::: Information
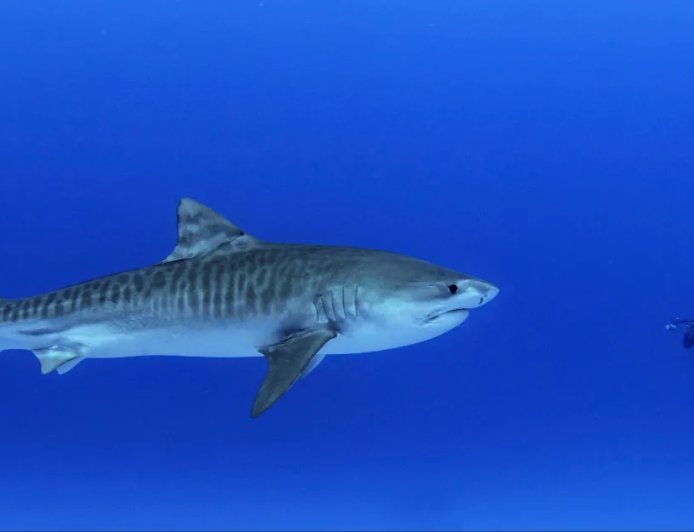 Tiger Shark Bit Scuba Diver In A Case Of Mistaken Identity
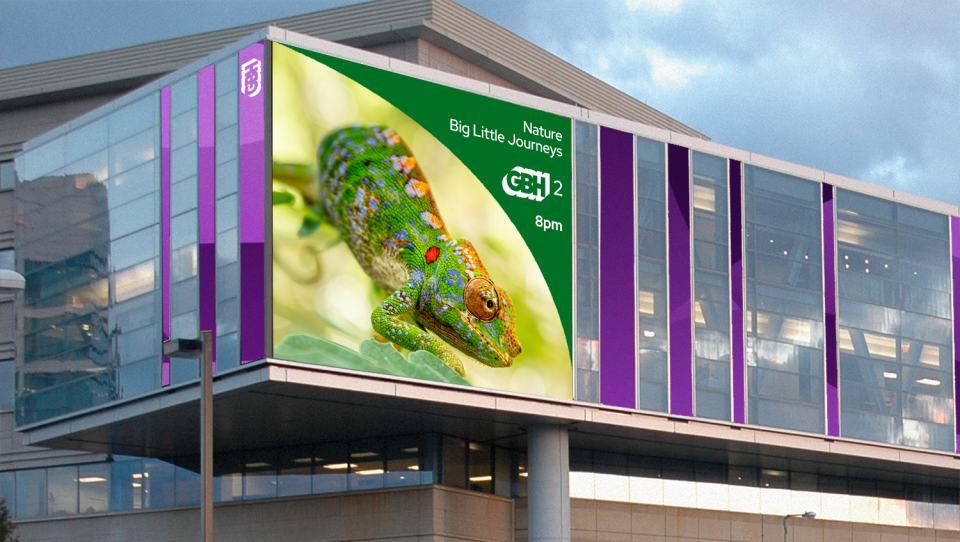 Photo of a chameleon; Text: Nature; Big Little Journeys; GBH 2; 8pm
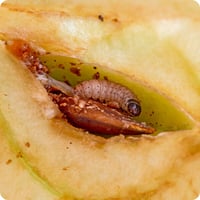 pome-fruit-codling-moth-larvae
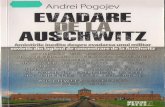 ANDREI POGOJEV - 101books.ru · Andrei Pogojev Amintirile inedite despre evadarea unui militar sovietic din lagărul de concentrare de la Auschwitz Traducere din limba engleză de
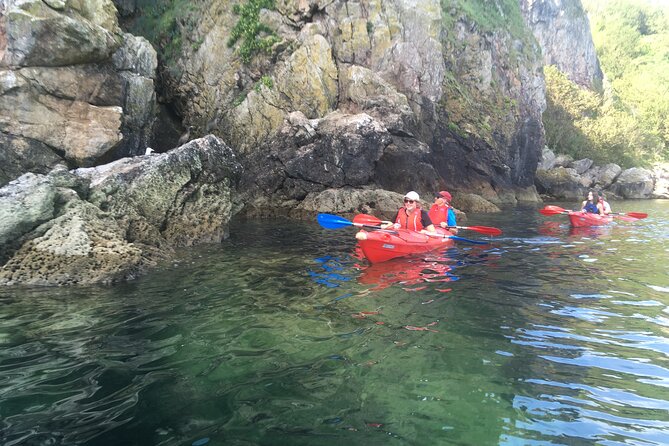 Guided Wildlife and Sea Cave Kayak Safari in English Riviera - Watching seals, birds, and possible cetaceans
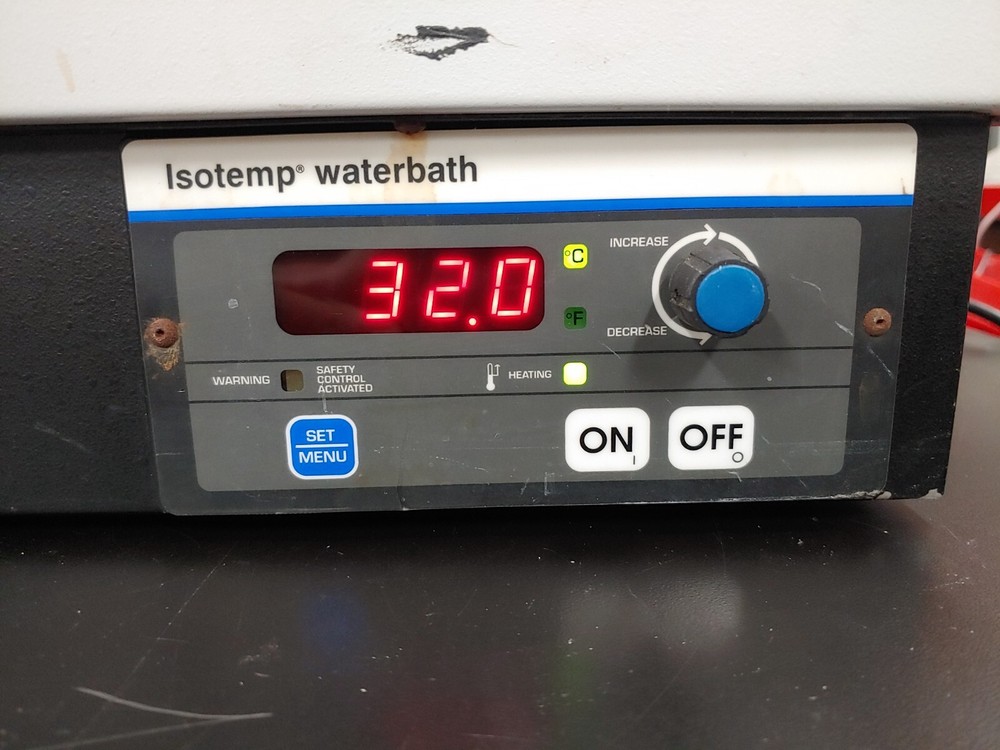 FISHER SCIENTIFIC 20L-M Isotemp Waterbath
::::::
_Description of the task_. Reproduce the records above exactly, excluding every picture.

_Final answer_.
 Tiger Shark Bit Scuba Diver In A Case Of Mistaken Identity
 Photo of a chameleon; Text: Nature; Big Little Journeys; GBH 2; 8pm
 pome-fruit-codling-moth-larvae
 ANDREI POGOJEV - 101books.ru · Andrei Pogojev Amintirile inedite despre evadarea unui militar sovietic din lagărul de concentrare de la Auschwitz Traducere din limba engleză de
 Guided Wildlife and Sea Cave Kayak Safari in English Riviera - Watching seals, birds, and possible cetaceans
 FISHER SCIENTIFIC 20L-M Isotemp Waterbath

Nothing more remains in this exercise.